Fact-finding is a type of legal process wherein a neutral, third party interviews witnesses and reviews documents to determine exactly what happened in the accident that has led to a personal injury lawsuit. The purpose of fact-finding is to establish which facts are true and not subject to contest in the trial of the case. Fact-finding occurs during fact-finding hearings.

Fact-finding is a type of alternative dispute resolution (ADR). These are processes which aim to resolve a legal dispute without a trial. In many cases, a pre-trial settlement may result after fact-finding reveals what actually occurred in the accident at issue in a personal injury case.

If fact-finding is done by the parties to a lawsuit, it is done through the discovery process and governed by the rules of discovery. Such processes as interrogatories, depositions, and production of documents are the methods used in every civil lawsuit to determine what evidence there is and what it shows about the case.

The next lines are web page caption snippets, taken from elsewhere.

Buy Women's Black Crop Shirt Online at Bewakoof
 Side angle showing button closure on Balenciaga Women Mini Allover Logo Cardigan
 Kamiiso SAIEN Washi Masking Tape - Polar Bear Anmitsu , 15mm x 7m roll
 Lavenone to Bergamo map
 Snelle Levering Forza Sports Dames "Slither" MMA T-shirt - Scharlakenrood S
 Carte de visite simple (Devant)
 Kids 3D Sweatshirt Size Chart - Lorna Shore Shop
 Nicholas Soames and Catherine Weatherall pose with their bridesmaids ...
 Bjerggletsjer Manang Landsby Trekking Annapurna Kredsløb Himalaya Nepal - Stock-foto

Neutral fact-finding is done by an impartial person, sometimes an expert of some kind, who is not a party but is selected by the parties. It is possible that the fact-finder would be selected by an agency if the agency has a role in the case. Or the fact-finder may be appointed by a person who has the authority to appoint a fact-finder in order to determine the facts in a dispute, e.g. someone who works for a court.

The basic advantage of fact-finding is thought to be that if a trustworthy and impartial person delivers findings of fact, this should carry great weight with the parties. They would be more likely to settle the case. Their own evaluations of their respective positions in the lawsuit would be affected favorably by the input of the neutral fact-finder. In other words, they themselves would view their own positions more realistically, and this would make them more likely to settle.

Reportedly, fact-finding is a process that originated in labor disputes, but variations of it have been applied to a variety of legal disputes in other areas as well, such as personal injury cases. Fact-finders generally are not permitted to decide questions of law, but rather they only investigate the factual issues in a case and produce a report of their view of the facts.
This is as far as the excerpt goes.